Exactly! I really liked the Tivo YouTube user interface. Now it's broken! I'm hoping somebody knows how to fix this.


----------



## ThAbtO (Apr 6, 2000)

There is no way to fix it..... until it updates itself.


----------



## Brian... (Apr 4, 2020)

My Roamio OTA started doing this today. The remote key function which no longer works with the YouTube app works with other apps. Hopefully a fix for the YouTube app is on someone's radar for a speedy fix.


----------



## slowbiscuit (Sep 19, 2006)

H4RRY said:


> Of course there are many other ways to stream YouTube - but that's not the point. Tivo is my main box I watch through.
> YouTube on Tivo has worked great for years, but is only recently broken for me.


You really don't know what you're missing, such as the joys of faster video navigating, instant playback, easy skip-around etc. I never knew how bad the experience on Roamios was (with constant 'Loading...' screens, painful FF/REW etc.) until I got modern hardware to run apps.

It's cheap enough, do it.


----------



## ColdnFrosty (Jan 26, 2011)

Same here. Stopped working for me yesterday. Cannot access the left nav bar. 


Brian... said:


> My Roamio OTA started doing this today. The remote key function which no longer works with the YouTube app works with other apps. Hopefully a fix for the YouTube app is on someone's radar for a speedy fix.


----------



## Ray King (Apr 5, 2020)

Same here for the past couple of weeks.


----------



## KantorCathy (Apr 6, 2020)

YouTube has announced that it will reduce streaming quality for users around the world. March 24, 2020. 
I'm not sure if this is when I lost the ability to scroll right and search for a video. One fix was to clear cache but couldn't figure out how to do this. Still looking for a way to fix.


----------



## KantorCathy (Apr 6, 2020)

Follow up to last post, I went to another TV with a Tivo Mini and was able to use search. This means it's not a Tivo or Youtube problem. It's probably a cache problem on my main Tivo which I use Youtube frequently???


----------



## MarshaL305 (Mar 11, 2015)

KantorCathy said:


> This means it's not a Tivo or Youtube problem.
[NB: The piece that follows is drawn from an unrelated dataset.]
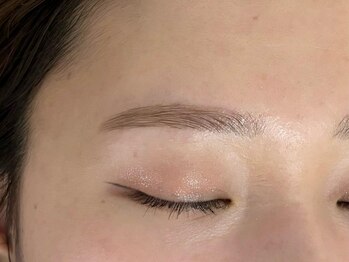 アオフクオカ(ao. Fukuoka)/なだらか平行眉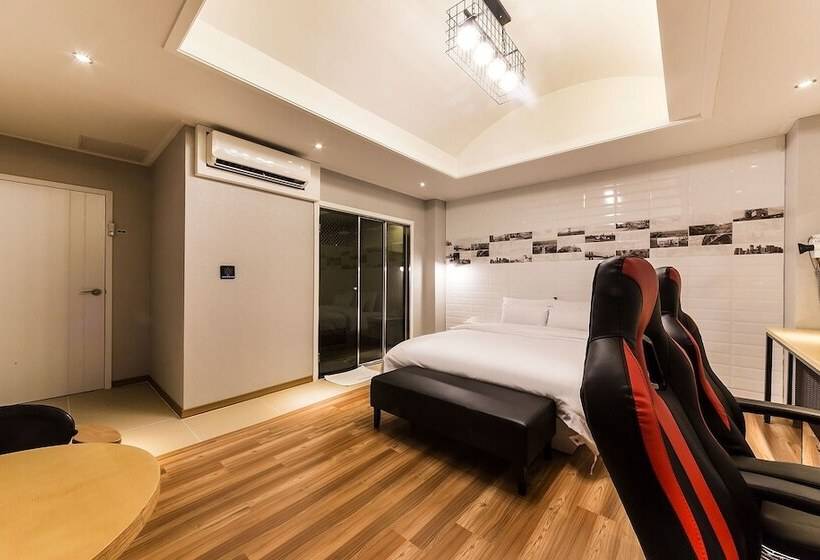 Motel Ansan Gojandong Hill House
It is a Tivo or YouTube problem... Tivo has had more than one notice of the problem as has YouTube...
I have done multiple full power shutdowns, restarts and reconnect to the Tivo service. The problem still persists only on the main box.
I suspect there is a slightly different version of the app between the two, unfortunately I cannot get to see the version of the app on the main box since I can't get to the Settings/About menu in the main box.


----------



## ColdnFrosty (Jan 26, 2011)

joelkfla said:


> I did nothing. It just started working again.


Still not working here.


----------



## JoeKustra (Dec 7, 2012)

Fails with TE3. Works with TE4.


----------



## KantorCathy (Apr 6, 2020)

I don't know how to check for TE3 or TE4 but mine definitely is an older system. So why did my Youtube allow search up until a few weeks ago(?) is still the question. Is the answer that Tivo is not supporting TE3 anymore? Has anyone been successful in getting this resolved? Just asking, thanks.


----------



## ThAbtO (Apr 6, 2000)

You can tell if you are on TE3 or TE4 by going to System Information and look at the Tivo software version, v20.7 (TE3) or v21 (TE4).
Also, the menu backgrounds are blue in TE3 and black in TE4.

My Roamio in TE3 still works in YouTube to access the left side menu.


----------



## JoeKustra (Dec 7, 2012)

KantorCathy said:


> I don't know how to check for TE3 or TE4 but mine definitely is an older system. So why did my Youtube allow search up until a few weeks ago(?) is still the question. Is the answer that Tivo is not supporting TE3 anymore? Has anyone been successful in getting this resolved? Just asking, thanks.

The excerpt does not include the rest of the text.